* [Exercise aim]:
Only the lines running from the line with "Hulk: Planet Hulk Omnibus by Greg Pak" to the end of the records below belong in the answer, each copied exactly.

* [Recorded information]:
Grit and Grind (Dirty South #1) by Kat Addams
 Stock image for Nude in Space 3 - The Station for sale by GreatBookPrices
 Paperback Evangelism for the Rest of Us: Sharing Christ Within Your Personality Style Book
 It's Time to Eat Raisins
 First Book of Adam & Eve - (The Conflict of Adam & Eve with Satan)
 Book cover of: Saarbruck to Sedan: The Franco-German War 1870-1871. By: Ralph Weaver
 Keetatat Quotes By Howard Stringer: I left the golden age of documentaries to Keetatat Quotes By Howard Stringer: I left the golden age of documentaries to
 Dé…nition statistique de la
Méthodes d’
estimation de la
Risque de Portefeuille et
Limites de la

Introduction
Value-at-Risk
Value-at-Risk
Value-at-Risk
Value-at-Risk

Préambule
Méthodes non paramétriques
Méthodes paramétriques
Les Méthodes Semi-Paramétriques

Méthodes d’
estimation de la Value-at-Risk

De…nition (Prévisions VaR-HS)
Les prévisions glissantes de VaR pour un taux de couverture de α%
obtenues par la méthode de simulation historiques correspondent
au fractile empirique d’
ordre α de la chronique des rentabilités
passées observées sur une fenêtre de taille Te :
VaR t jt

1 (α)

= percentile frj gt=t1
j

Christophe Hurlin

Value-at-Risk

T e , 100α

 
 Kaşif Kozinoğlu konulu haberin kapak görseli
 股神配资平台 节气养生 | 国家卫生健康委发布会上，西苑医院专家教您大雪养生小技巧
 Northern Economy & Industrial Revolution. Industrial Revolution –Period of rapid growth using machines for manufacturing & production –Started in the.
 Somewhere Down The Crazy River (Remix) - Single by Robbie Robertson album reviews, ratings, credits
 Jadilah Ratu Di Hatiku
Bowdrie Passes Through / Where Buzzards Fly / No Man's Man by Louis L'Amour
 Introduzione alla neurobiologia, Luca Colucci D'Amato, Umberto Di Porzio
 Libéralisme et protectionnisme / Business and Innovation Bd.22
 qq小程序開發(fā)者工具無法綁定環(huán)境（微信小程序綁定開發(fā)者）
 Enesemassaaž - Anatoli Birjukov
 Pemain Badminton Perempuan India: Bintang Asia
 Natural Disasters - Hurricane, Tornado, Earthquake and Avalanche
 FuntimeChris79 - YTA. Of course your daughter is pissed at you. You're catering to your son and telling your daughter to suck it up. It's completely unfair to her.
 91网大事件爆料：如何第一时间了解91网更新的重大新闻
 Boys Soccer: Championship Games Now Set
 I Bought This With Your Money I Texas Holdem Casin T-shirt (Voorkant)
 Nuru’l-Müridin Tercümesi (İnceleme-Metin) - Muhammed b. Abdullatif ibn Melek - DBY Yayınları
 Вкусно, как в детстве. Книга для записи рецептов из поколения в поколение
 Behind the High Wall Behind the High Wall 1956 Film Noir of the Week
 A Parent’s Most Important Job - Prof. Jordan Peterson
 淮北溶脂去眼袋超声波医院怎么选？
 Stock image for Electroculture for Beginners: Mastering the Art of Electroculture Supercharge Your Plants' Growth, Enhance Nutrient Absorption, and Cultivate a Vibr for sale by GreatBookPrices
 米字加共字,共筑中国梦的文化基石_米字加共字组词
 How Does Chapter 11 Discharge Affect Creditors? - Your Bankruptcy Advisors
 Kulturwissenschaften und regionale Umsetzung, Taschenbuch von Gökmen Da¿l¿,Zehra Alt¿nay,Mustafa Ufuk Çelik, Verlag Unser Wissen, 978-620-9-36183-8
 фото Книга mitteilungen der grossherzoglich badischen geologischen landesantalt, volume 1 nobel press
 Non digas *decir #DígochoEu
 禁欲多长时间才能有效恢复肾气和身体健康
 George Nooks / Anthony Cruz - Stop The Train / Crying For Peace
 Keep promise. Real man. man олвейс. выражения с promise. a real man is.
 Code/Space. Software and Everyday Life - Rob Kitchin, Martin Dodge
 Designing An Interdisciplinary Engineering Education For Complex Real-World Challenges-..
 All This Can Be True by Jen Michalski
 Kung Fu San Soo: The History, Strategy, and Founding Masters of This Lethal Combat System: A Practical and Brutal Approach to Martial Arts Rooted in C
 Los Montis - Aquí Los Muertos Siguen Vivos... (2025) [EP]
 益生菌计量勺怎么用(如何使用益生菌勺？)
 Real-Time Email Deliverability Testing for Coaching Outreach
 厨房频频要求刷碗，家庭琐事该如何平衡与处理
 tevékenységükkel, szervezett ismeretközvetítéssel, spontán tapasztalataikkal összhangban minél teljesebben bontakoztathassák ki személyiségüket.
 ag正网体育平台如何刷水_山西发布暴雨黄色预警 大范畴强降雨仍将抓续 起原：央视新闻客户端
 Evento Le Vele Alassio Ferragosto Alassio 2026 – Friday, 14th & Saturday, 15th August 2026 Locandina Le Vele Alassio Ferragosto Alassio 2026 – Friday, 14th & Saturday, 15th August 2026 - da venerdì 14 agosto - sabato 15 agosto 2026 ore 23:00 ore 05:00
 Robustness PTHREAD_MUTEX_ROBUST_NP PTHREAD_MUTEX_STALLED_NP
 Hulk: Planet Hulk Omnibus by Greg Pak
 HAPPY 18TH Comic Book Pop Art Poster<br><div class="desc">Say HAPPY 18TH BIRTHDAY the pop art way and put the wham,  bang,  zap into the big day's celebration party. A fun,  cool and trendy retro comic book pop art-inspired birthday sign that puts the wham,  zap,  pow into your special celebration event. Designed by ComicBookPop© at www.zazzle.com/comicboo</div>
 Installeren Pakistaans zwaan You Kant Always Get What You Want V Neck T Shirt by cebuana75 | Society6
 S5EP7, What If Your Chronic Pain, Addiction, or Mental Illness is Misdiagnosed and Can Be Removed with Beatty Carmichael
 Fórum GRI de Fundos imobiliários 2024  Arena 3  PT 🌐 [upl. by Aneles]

* [Written response]:
 Hulk: Planet Hulk Omnibus by Greg Pak
 HAPPY 18TH Comic Book Pop Art Poster<br><div class="desc">Say HAPPY 18TH BIRTHDAY the pop art way and put the wham,  bang,  zap into the big day's celebration party. A fun,  cool and trendy retro comic book pop art-inspired birthday sign that puts the wham,  zap,  pow into your special celebration event. Designed by ComicBookPop© at www.zazzle.com/comicboo</div>
 Installeren Pakistaans zwaan You Kant Always Get What You Want V Neck T Shirt by cebuana75 | Society6
 S5EP7, What If Your Chronic Pain, Addiction, or Mental Illness is Misdiagnosed and Can Be Removed with Beatty Carmichael
 Fórum GRI de Fundos imobiliários 2024  Arena 3  PT 🌐 [upl. by Aneles]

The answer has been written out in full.